SCIENCE CLEARLY shows that urgent action is needed to reduce human-produced greenhouse gases that are heating Earth's atmosphere.
Record high temperatures are melting glaciers and polar ice, thawing permafrost, warming oceans and increasing extreme weather.
Carbon dioxide being absorbed by oceans is causing ocean acidification that will severely harm ocean ecosystems and the entire marine food web. Warming oceans and acidification will cause the death of coral reefs that sustain the majority of ocean life.
Columnist Thomas Sowell's clever collage of distortions discrediting science, "Change in Earth's temperate is not at all new," (Times, April 2) ignores the reality that human-caused heat-trapping carbon dioxide in the atmosphere has risen sharply to 391 parts per million (ppm), far above the highest carbon dioxide level of 300 ppm over the past 650,000 years.

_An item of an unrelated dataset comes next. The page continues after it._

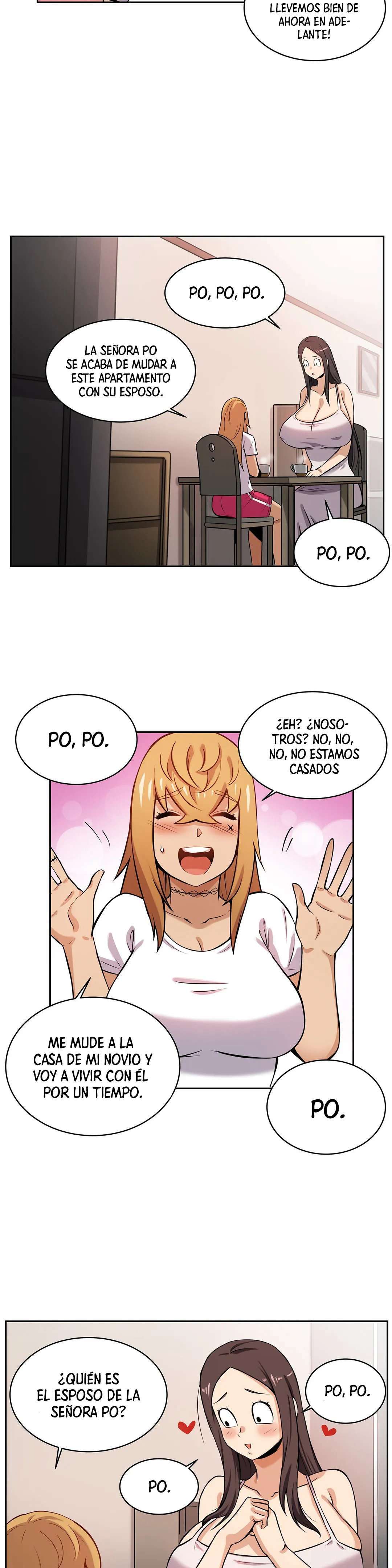 Mi Novia es una Zombie capítulo 3 página 11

Sowell's article is "not at all new" oil industry propaganda designed to cast doubt on science and dismantle and defeat climate legislation so the oil industry can maintain its dominance in the global economy.
The, "Carbon Fees and Dividend Act," is climate and energy legislation that would fulfill the urgent need to significantly reduce greenhouse gas emissions by gradually raising the price of fossil fuels with refundable carbon fees so clean alternative energy would become less expensive and a better investment than carbon-based energy.
The free-market mechanisms of the legislation provide incentives for conserving energy and investing in the new generation of alternative energy technology, low- and no-emission vehicles and energy efficient appliances.
The Waxman/Markey, "American Clean Energy and Security Act," that passed in the House, will not adequately reduce emissions because it uses complicated "cap and trade" mechanisms that allow companies to buy carbon credits through 2050 rather than reduce emissions and provides credits for carbon offsets that are not verifiable and lead to gaming and fraud.
The Carbon Fees and Dividend Act would establish fees on carbon at refineries, coal mines and natural gas wells or anywhere carbon first enters the economy. The fees would gradually increase over 10 years until the price of alternative energy becomes less expensive than carbon-based energy.
The Internal Revenue Service would collect the fees and the total amount collected would be refunded as dividends to all American citizens and legal residents. The payments would be the same for everyone 18 and older. A maximum of two family members under 18 years of age per household would each receive one-half the amount paid to those over 18.
The equal payment amounts would reward conservation because people who make smart energy saving choices and investments would have extra income for non-energy uses. The dividend payments would compensate for higher energy-related cost of products and keep energy prices affordable so the economy would not be disrupted.
The United States is currently emitting approximately 6.5 billion tons of carbon dioxide a year. The carbon fees would start at $15 per ton of carbon dioxide emissions and increase $10 per year to $115 per ton. If emissions were reduced by a third during those 10 years, the fees collected would increase from $195 billion per year to $460 billion. With a U.S. population of 309 million, the dividend payments for everyone 18 and older would increase over 10 years from $362 to $1,844 per year and for those 17 and younger from $181 to $922.
The Department of Energy would establish equivalent refundable fees for other greenhouse gases including methane, nitrous oxide, sulfur hexafluoride and hydrofluorocarbons.
All of the fees collected would be combined for distribution in a, "Dividend Trust Fund."
Fossil-fuel subsidies would be phased out over five years and new coal-fired power plants would not be permitted because of planned obsolescence.
To assure equity in international trade, the Department of Commerce would establish Carbon-Fee-Equivalent Tariffs for goods entering the U.S. from countries without carbon fee pricing and Carbon-Fee-Equivalent Rebates to reduce the price of U.S. exports so they remain competitive.
Carbon pricing between countries provides economic benefits to all countries and would be more effective at reducing emissions than the "cap and trade" mechanisms of the Kyoto Protocol. The United States should seek carbon-pricing treaties with China, Brazil and India as well as with the United Nations as the basis for the next phase of the Kyoto Protocol.
The Times article, "Antioch begins tackling air pollution," (March 30) illustrates how communities throughout California and the United States are planning ways to, "reduce greenhouse gas emissions and adapt to climate change."
The Carbon Fees and Dividends Act would bring America together in becoming energy independent, building a sustainable clean-energy economy and creating a healthy global environment.
Mark Altgelt is a resident of Vallejo.